Good Old Fashioned Rant On Overbearing Copyright Holders
from the who-said-what-now? dept
A bunch of folks have been submitting stories about the ongoing fight between multimillionaire artist Damien Hirst and a teenager he had arrested. If you don't recall, the kid had created some collages, where some of them included an image of a jewel-encrusted skull that Hirst supposedly made and sold for insane amounts of money (reports put it at £50 million). Hirst, apparently got so upset by a 16-year-old kid using the image in his own artwork, that he threatened to sue the kid, and forced the kid to hand over the artwork and to pay £200 to Hirst. A bunch of other artists started creating more artwork using Hirst's skull in protest. But the whole thing got more bizarre lately, after the teen stopped by a Hirst exhibit and took a box of pencils that were in one of the "sculptures" and left a "ransom note" demanding his own artwork back. Except, the police have valued that box of pencils at £500,000 and arrested the kid. Yikes.I wasn't sure I was going to write about it, but then a lot more of you also pointed to this beautiful old-fashioned rant by Charlie Brooker where he does a lovely job tying the "Damien Hirst puts a kid in jail" story to the new effort to kick file sharers offline in the UK. Basically, they're both stories about huge, ridiculous wealthy copyright holders totally overreacting to a rather minor inconsequential infringement. The whole thing is good, but here's a taste:
The vast majority of people who illegally download music from the internet do so because they bloody love music. They're resorting to theft because they're either too skint to afford 79p per track (often because they're students), or because what they're looking for is too obscure to find by commercial means, or because it's been leaked and isn't officially available and they're just too damn excited to wait. In the main, these are dedicated fans: precisely the same audience who in days of yore would've filled C90 cassettes with songs taped off the radio. In its heyday, the Radio 1 Sunday evening Top 40 countdown constituted the biggest file-sharing portal in British history, with millions of users hooked up simultaneously, mercilessly downloading content to their tape decks.
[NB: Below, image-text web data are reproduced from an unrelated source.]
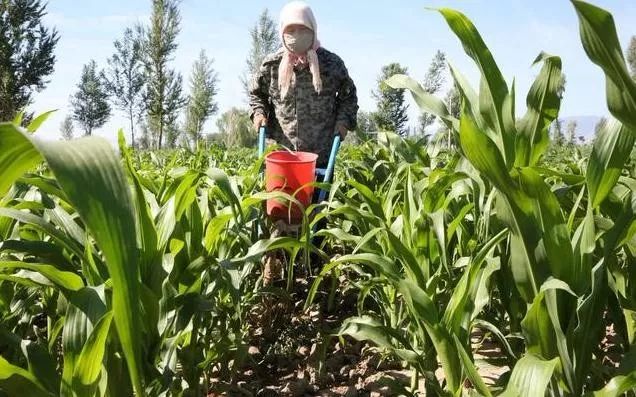 观察今年玉米种植面积调减品质反而提升近期玉米价格呈现怎样走势幅度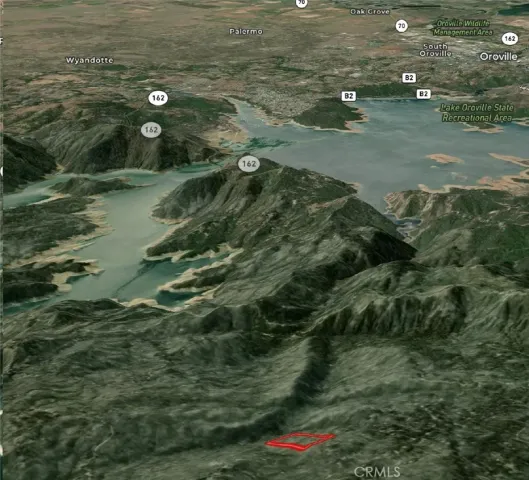 a sign that is sitting in front of a tree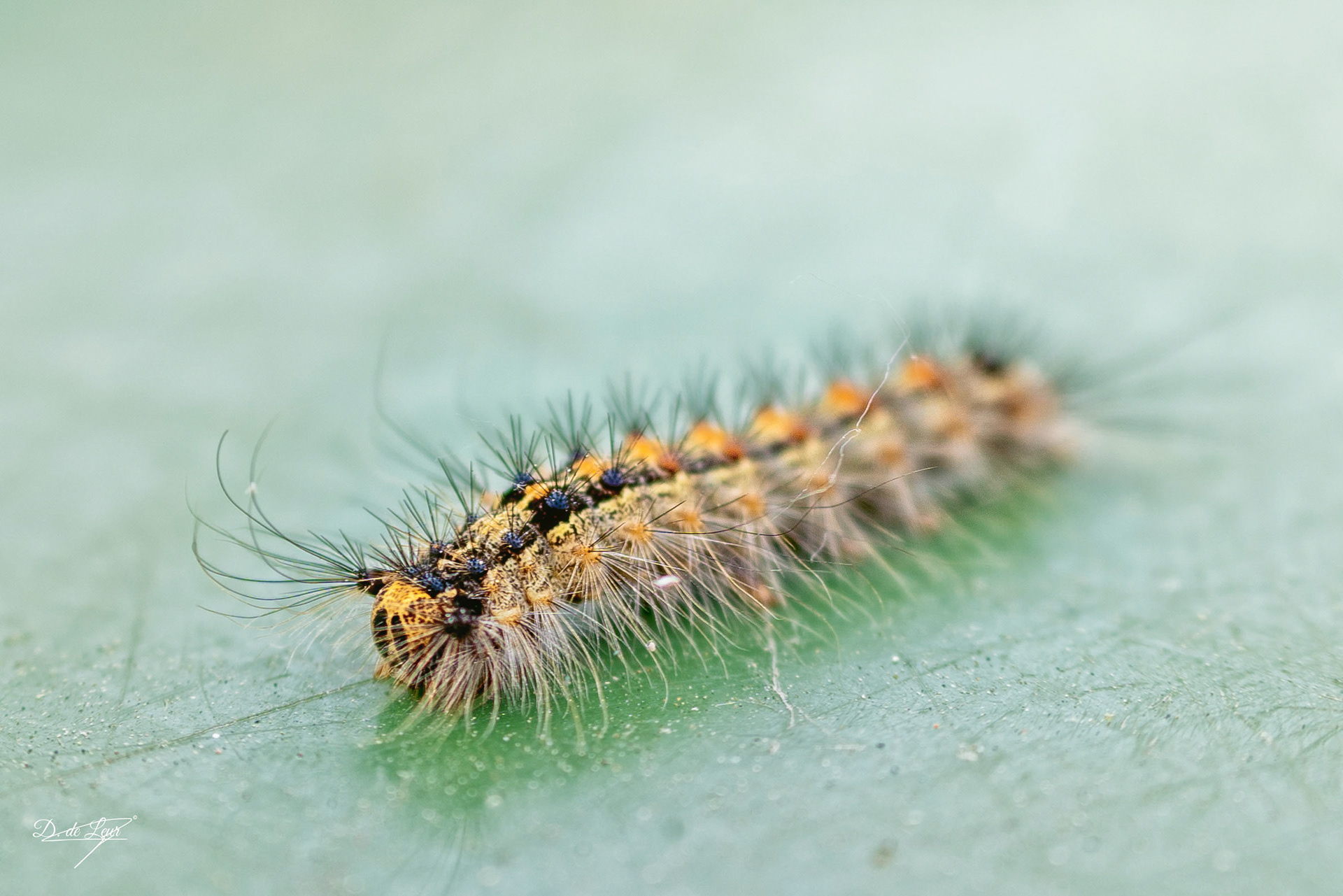 Gypsy moth larvae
The government and the music industry should cheerfully view these people as eager young addicts. Let them have their illicit free samples because once they're hooked, they'll cough up later: when they've got more money, when the tracks are easier to find via legitimate means, or when they go to see an act they only discovered via free illegal downloads play live (and pay £30 for a ticket, £30 for drinks, and £30 for a poster and T-shirt).